◆ DATA BELOW:
..........
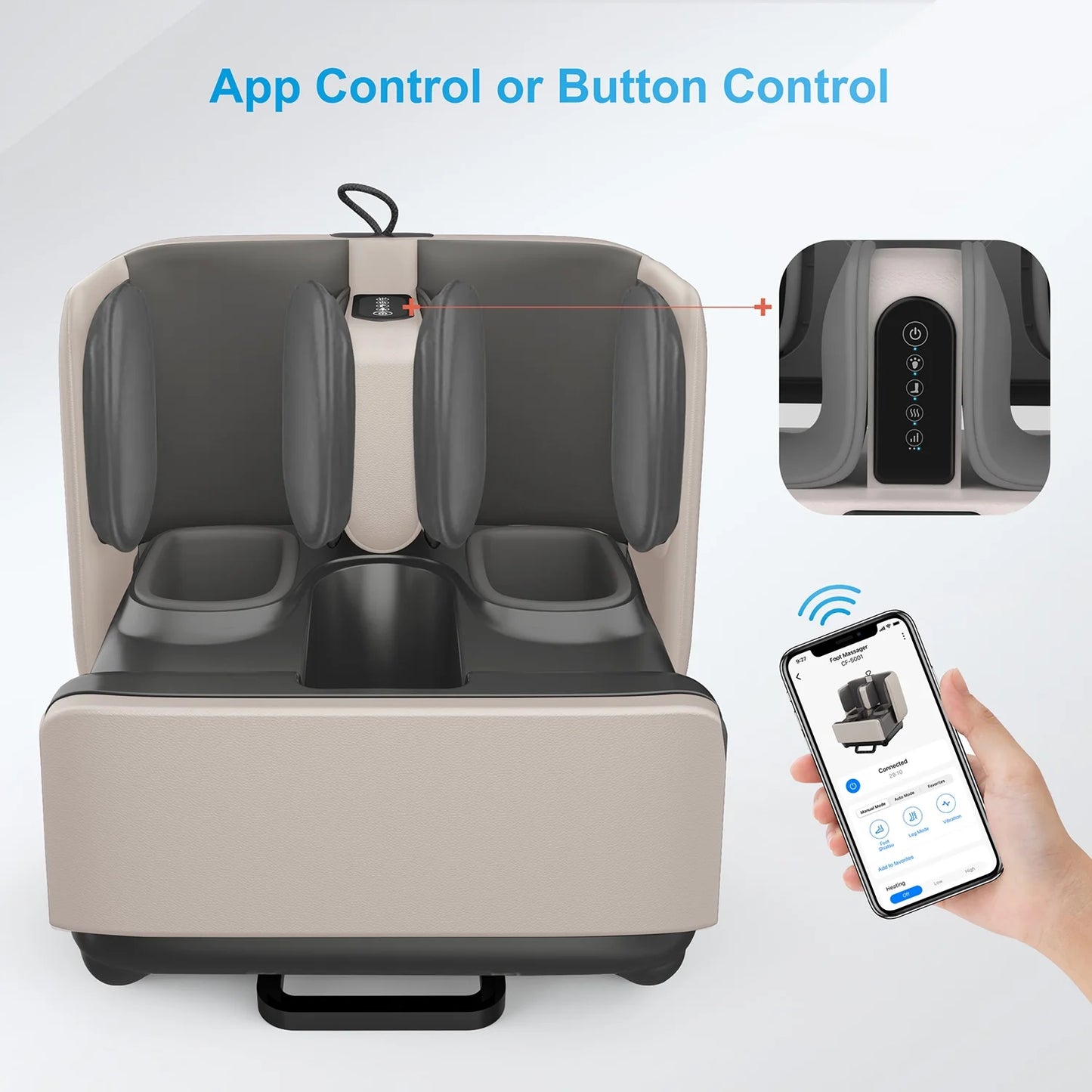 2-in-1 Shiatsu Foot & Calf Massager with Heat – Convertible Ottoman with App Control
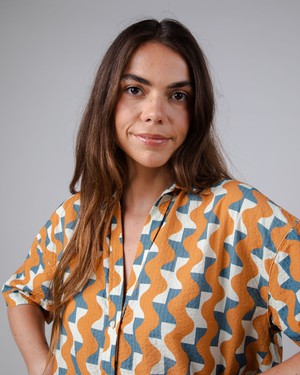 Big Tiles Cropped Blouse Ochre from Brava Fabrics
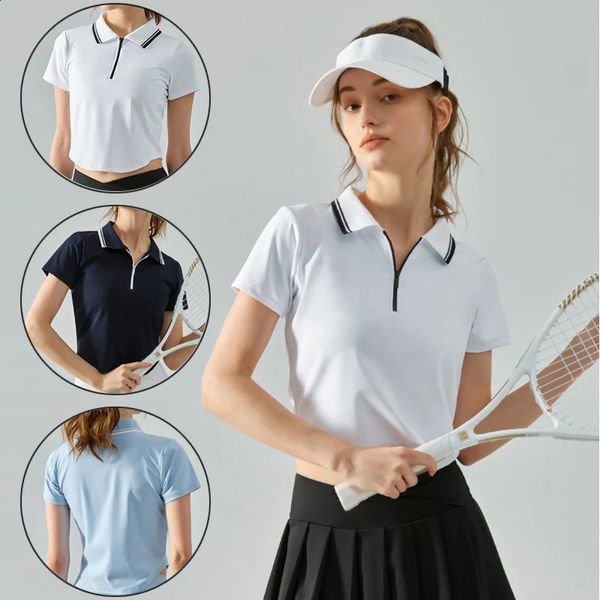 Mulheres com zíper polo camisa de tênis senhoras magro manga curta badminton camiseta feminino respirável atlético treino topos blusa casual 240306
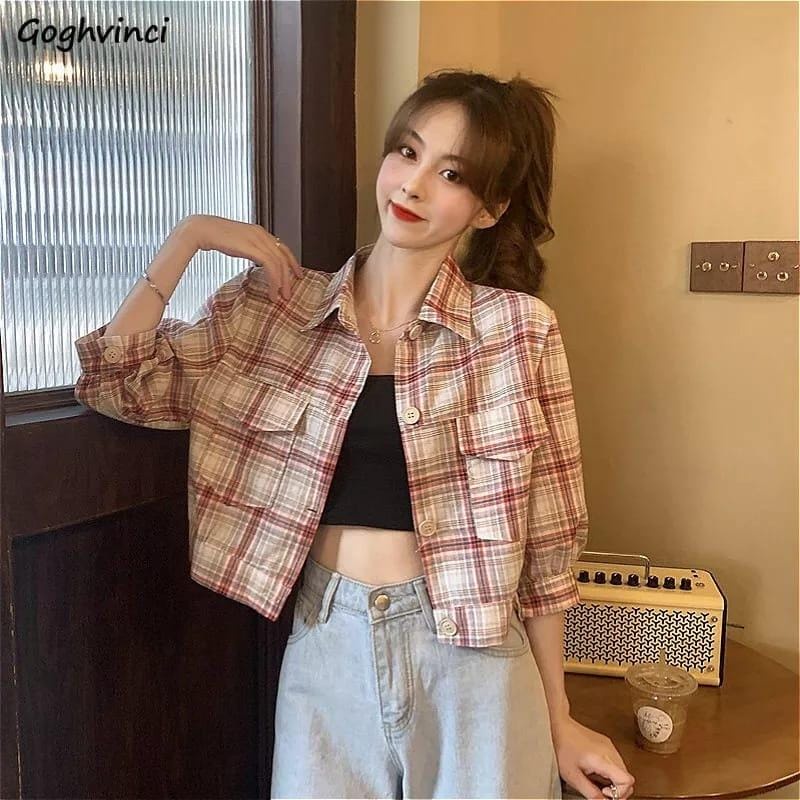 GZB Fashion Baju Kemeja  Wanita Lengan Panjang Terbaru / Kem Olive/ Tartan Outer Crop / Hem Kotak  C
..........
◆ TASK STATEMENT: Exclude all pictures and reproduce verbatim the lines running from the line that contains "Big Tiles Cropped" to the end of the data above, both ends included.

◆ RESPONSE AREA:
 Big Tiles Cropped Blouse Ochre from Brava Fabrics
 Mulheres com zíper polo camisa de tênis senhoras magro manga curta badminton camiseta feminino respirável atlético treino topos blusa casual 240306
 GZB Fashion Baju Kemeja  Wanita Lengan Panjang Terbaru / Kem Olive/ Tartan Outer Crop / Hem Kotak  C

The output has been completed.